Infosys pays a per diem of $45 (around Rs 1,780) currently to its onsite employees. Now, there is a proposal to reduce it to $35 per day (around Rs 1,380) -- a Rs 400 cut per day -- according to sources.

Wipro, on the other hand, is hiring more local talent at client locations to reduce deployment of staff from India for onsite assignments.
Recently Wipro Chairman Azim Premji had said: "If we hire people locally, it will displace people we send from here on H1B visas. So net-net, it will not mean an extra cost to us." If this happens, there will be fewer plum jobs for the boys in India.

TCS pays Euro 1,900 per month to each onsite employee in Europe.

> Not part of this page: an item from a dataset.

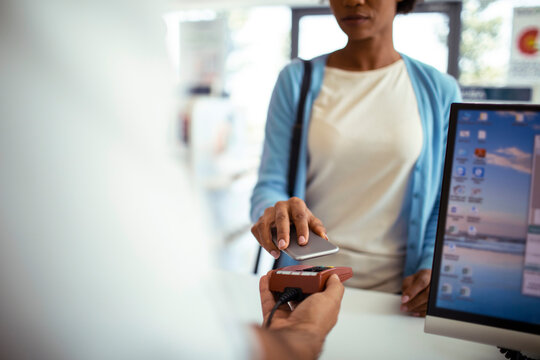 Woman making contactless payment at pharmacy counter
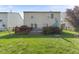 A backyard with a deck, grass, and partial fence at 6608 Sonesta Dr, Indianapolis, IN 46217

Now, the onsite visit may no longer be that fruitful for the IT employees. Suddenly, everyone may start feeling the importance of “staying with the family in their own country”.
Already hoards of so-called NRI’s are coming back, and many more are contemplating plans to come back. The icing on the cake for the IT and BPO employee, which used to be the extra income from the perdiem from onsite visit will no longer be there. I hope the IT industry atleast keeps up with the higher salary standards! Table of Contents

1 comment:

Unknown said...

"Grass is always greener from other side of the fence". Isn't it?

Travel allowances were no luxury stuffs but were meant to make the client-side placement worthy.

Anyone who has been at client-side during an IT project would understand the huge pressure the IT Professional goes thru in meeting deadlines and work loads and client demands.

So it was never been a paid picnic.

With reduced allowances, then more and more new joiners would be pushed forward for this grill.